Miraba cómo la mujer de la platea se inclinaba hacia la otra para hacerle un comentario y trataba de figurarme qué se estarían diciendo esas dos sudamericanas que distraían sus soledades europeas con salidas culturales como ésta. Imaginé a Amalia llamando a Celina y proponiéndole venir al concierto. Sí, sin duda había sido Amalia la de la iniciativa. La imaginé en el departamento al que yo iba y después me acordé de que se había mudado a otro que yo nunca había conocido.
En eso se apagaron las luces, pero no tanto que dejara de verlas completamente, y salió al escenario el presentador del evento. Aunque concentrada en lo que iba diciendo, no podía dejar de sentir las presencias de los muchos conocidos, reales e imaginados, que había en la sala, los mundos distintos de los que venían y los capítulos de mi vida, más o menos lejanos o recientes, que habían poblado. Que todos estuvieran reunidos ahí me perturbaba y conmovía. Pero, si era sincera conmigo misma, era sobre todo la presencia de Amalia la que me alteraba. Los demás que había reconocido pertenecían, de algún modo, al mismo mundo o, al menos, a mundos parecidos. Amalia, en cambio, venía de otra dimensión. ¿Qué diría cuando me la encontrara en el intervalo? ¿Y qué le respondería yo? Había muchas cosas nuevas en mi vida, de las que ella no tenía ni idea. ¿Me dejaría contárselas? ¿O haría como si no me viera, jugando a ignorarme? Había sido siempre tan imprevisible en sus reacciones.
Mientras se sucedían las músicas y los aplausos, a la vez que buscaba confirmación en sus gestos de que eran en efecto Amalia, la mujer de la cabellera ondulada y Celina, la del vestido amarillo sentada a su lado, no podía dejar de representarme las distintas alternativas del encuentro: ¿en las escaleras, en el bar, haciendo cola, …? ¿Nos evitaríamos? ¿Nos chocaríamos?

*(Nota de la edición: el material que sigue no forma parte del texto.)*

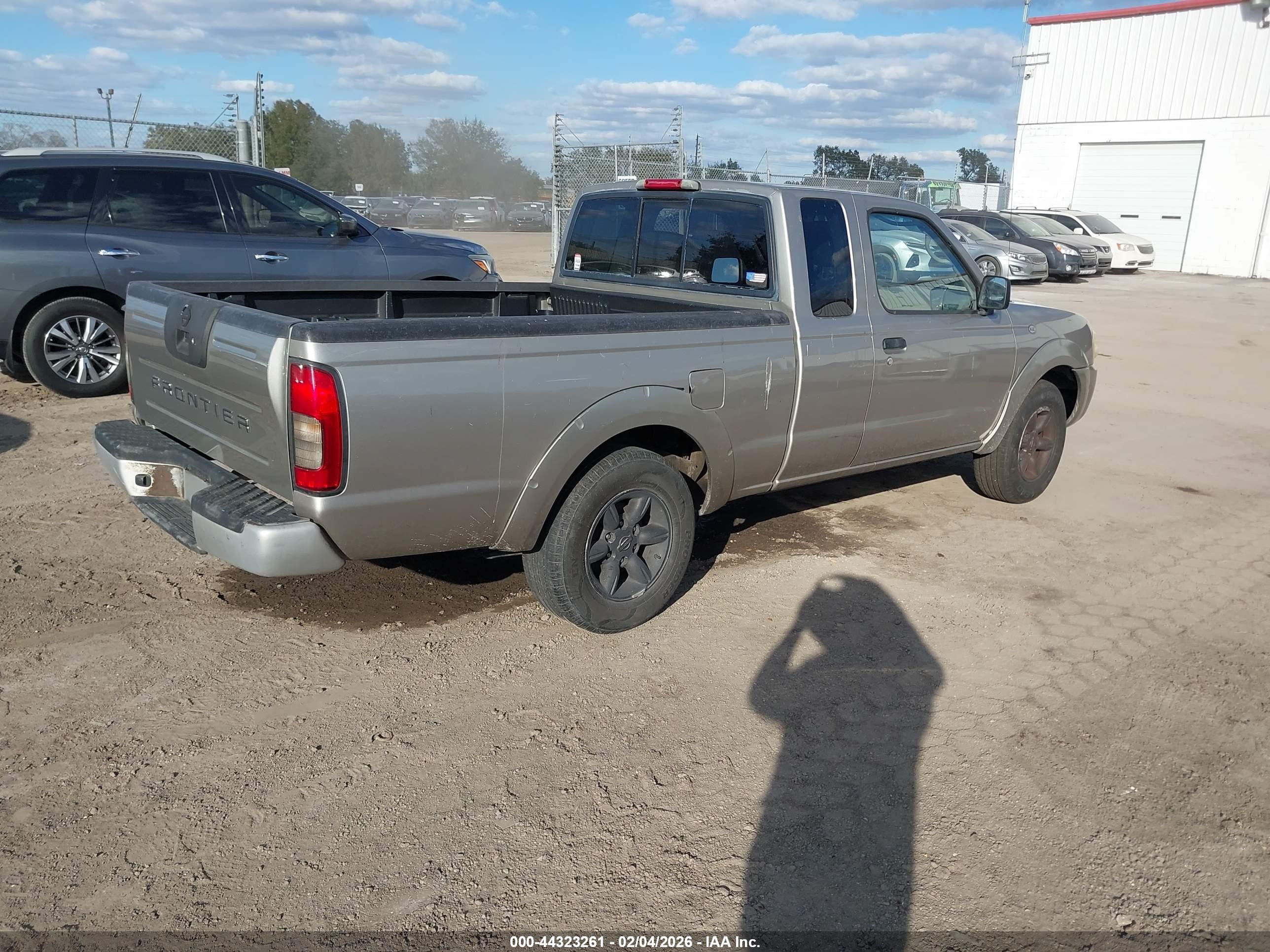 NISSAN FRONTIER image 4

El intervalo sería el momento decisivo porque todo el mundo andaría por los pasillos así que, al salir del palco, me preparé mentalmente. Preferí no decirle nada a mi marido, con quien más de una vez había hablado de esta mujer que él apenas conocía y el alcance de cuya influencia no terminaba de entender, y dejar que la casualidad decidiera. Si nos encontrábamos, cuando nos encontráramos, ya se vería. Pero, mientras, llevados por la corriente, nos dirigíamos al bar, no pude dejar de escrutar todas las caras con las que nos cruzábamos, temerosa y a la vez expectante. Amalia, sin embargo, no aparecía.
Llegamos al bar. Me puse en la cola para comprar bebidas y, desde ahí, con cierta cautela, eché una mirada en redondo. En una mesa un vestido amarillo me resultó familiar y me volví a ver a la persona que lo llevaba puesto: una mujer joven que no conocía. Demoré en darme cuenta que era la misma que, desde la altura, había tomado por Celina. A su lado, la mujer del chal colorido, un vaso de vino en la mano, le hablaba en castellano. No era Amalia.
A lo largo de la segunda parte del concierto, instalada de nuevo en el palco, si mis ojos tropezaban sin querer con las dos mujeres sentadas abajo, a pesar de la certeza de que no eran quienes yo creía, volvían a engañarme los sentidos y hubiera podido jurar que Amalia estaba en la sala.